### TASK STATEMENT
Please restate, exactly as they appear, only the lines from the one that contains "Růžové široké tepláky Zara" to the final line of the entries, with no pictures.

[Records excerpted from a collection]
· · · · ·

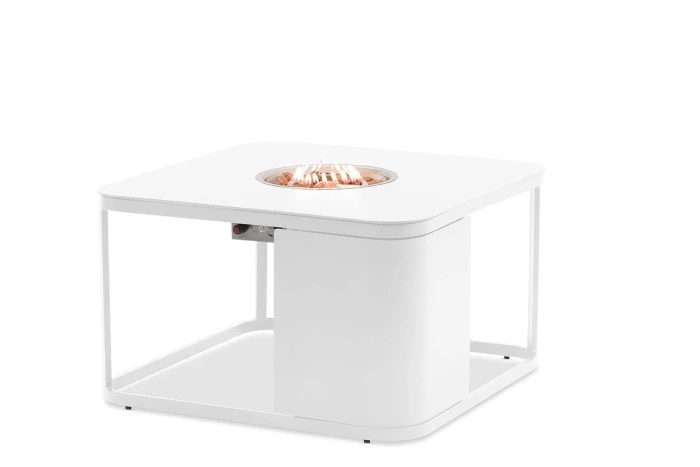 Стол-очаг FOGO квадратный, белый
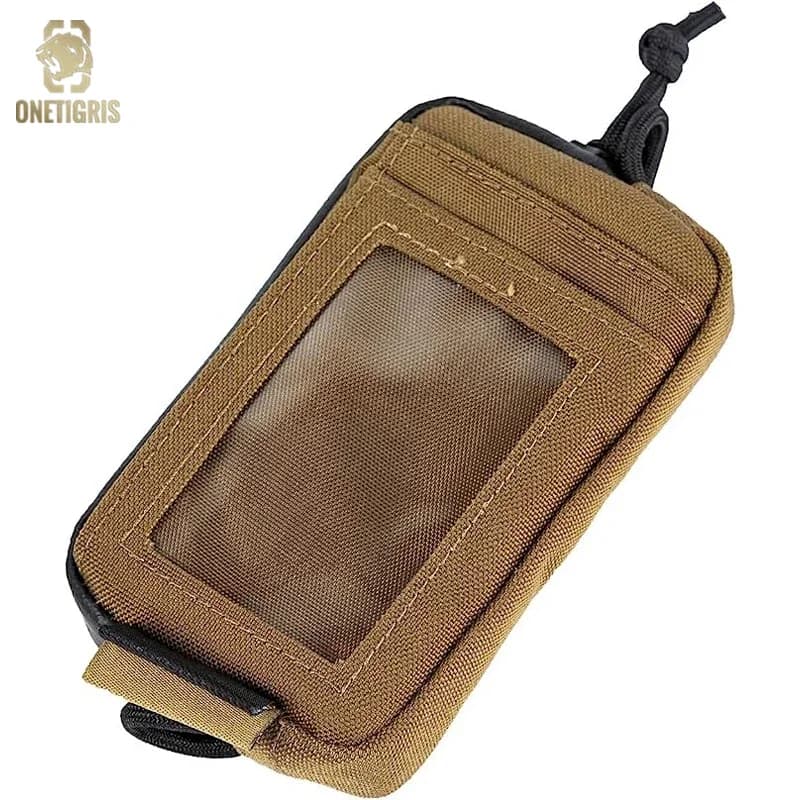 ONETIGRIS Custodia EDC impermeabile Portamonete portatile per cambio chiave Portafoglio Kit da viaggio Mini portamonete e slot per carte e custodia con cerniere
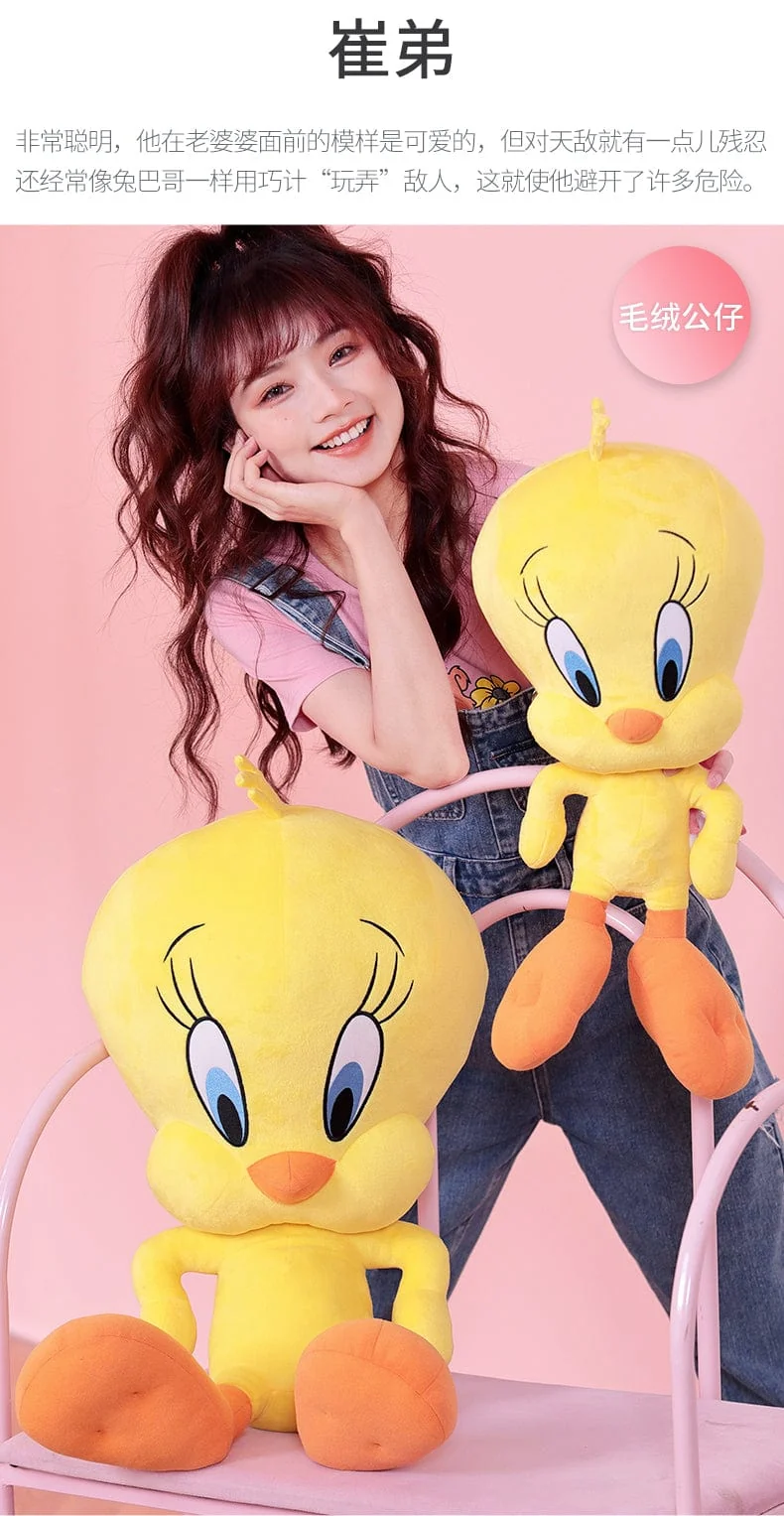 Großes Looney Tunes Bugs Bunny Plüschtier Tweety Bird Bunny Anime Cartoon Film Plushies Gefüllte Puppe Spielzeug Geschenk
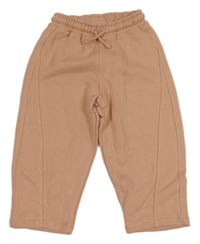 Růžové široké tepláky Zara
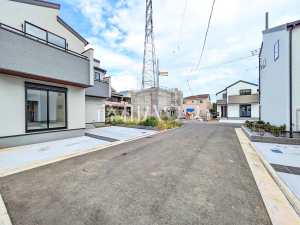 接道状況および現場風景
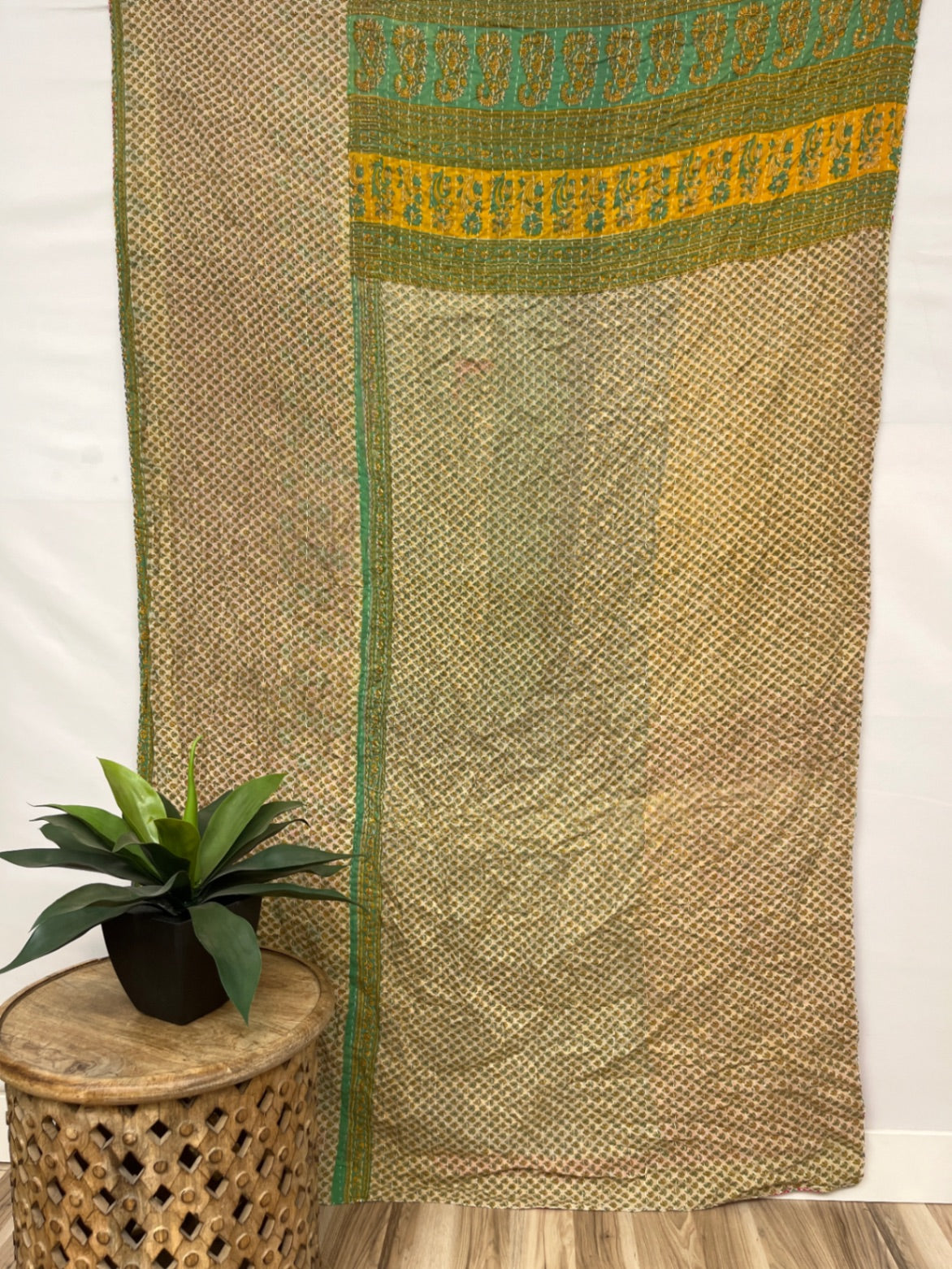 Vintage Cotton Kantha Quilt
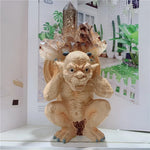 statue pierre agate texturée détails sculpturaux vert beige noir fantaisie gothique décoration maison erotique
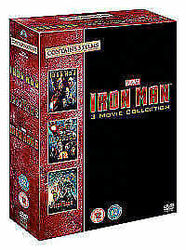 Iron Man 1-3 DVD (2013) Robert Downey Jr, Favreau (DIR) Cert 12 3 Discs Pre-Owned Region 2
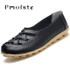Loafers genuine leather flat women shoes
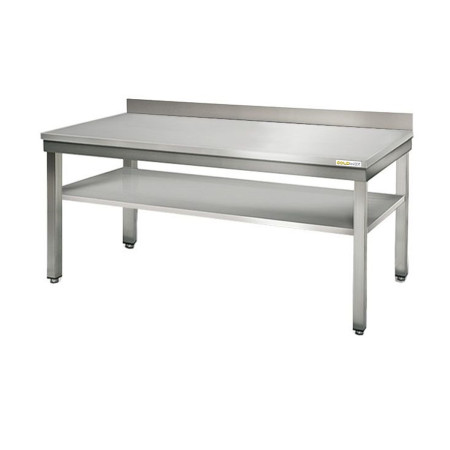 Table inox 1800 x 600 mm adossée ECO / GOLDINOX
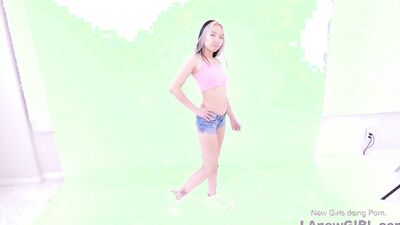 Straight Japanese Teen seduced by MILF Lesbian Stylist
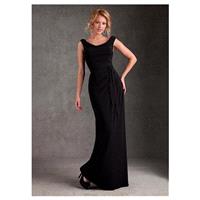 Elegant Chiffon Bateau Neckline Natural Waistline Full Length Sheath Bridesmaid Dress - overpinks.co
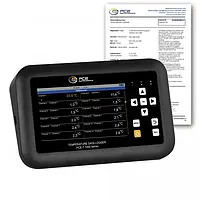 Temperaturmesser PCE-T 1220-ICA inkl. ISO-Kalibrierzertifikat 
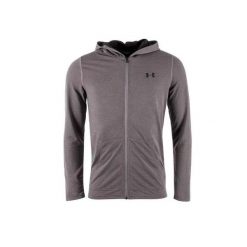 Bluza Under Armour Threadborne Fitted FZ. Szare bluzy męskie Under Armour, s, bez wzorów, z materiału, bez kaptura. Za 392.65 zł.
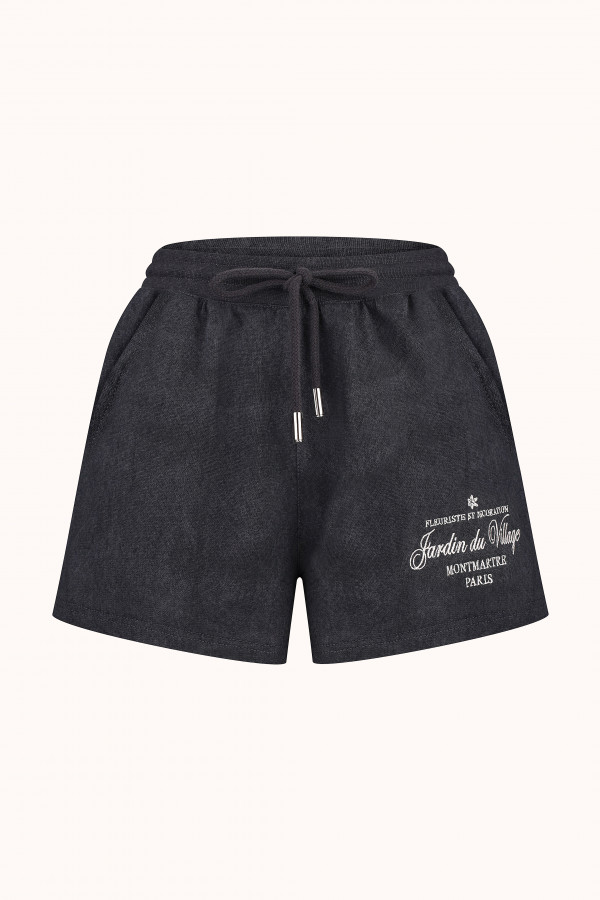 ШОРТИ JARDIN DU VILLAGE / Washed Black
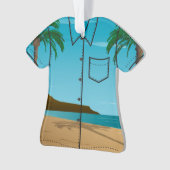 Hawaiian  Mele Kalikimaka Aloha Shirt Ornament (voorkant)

· · · · ·

### OUTPUT BELOW
 Růžové široké tepláky Zara
 接道状況および現場風景
 Vintage Cotton Kantha Quilt
 statue pierre agate texturée détails sculpturaux vert beige noir fantaisie gothique décoration maison erotique
 Iron Man 1-3 DVD (2013) Robert Downey Jr, Favreau (DIR) Cert 12 3 Discs Pre-Owned Region 2
Loafers genuine leather flat women shoes
 Table inox 1800 x 600 mm adossée ECO / GOLDINOX
 Straight Japanese Teen seduced by MILF Lesbian Stylist
 Elegant Chiffon Bateau Neckline Natural Waistline Full Length Sheath Bridesmaid Dress - overpinks.co
 Temperaturmesser PCE-T 1220-ICA inkl. ISO-Kalibrierzertifikat 
 Bluza Under Armour Threadborne Fitted FZ. Szare bluzy męskie Under Armour, s, bez wzorów, z materiału, bez kaptura. Za 392.65 zł.
 ШОРТИ JARDIN DU VILLAGE / Washed Black
 Hawaiian  Mele Kalikimaka Aloha Shirt Ornament (voorkant)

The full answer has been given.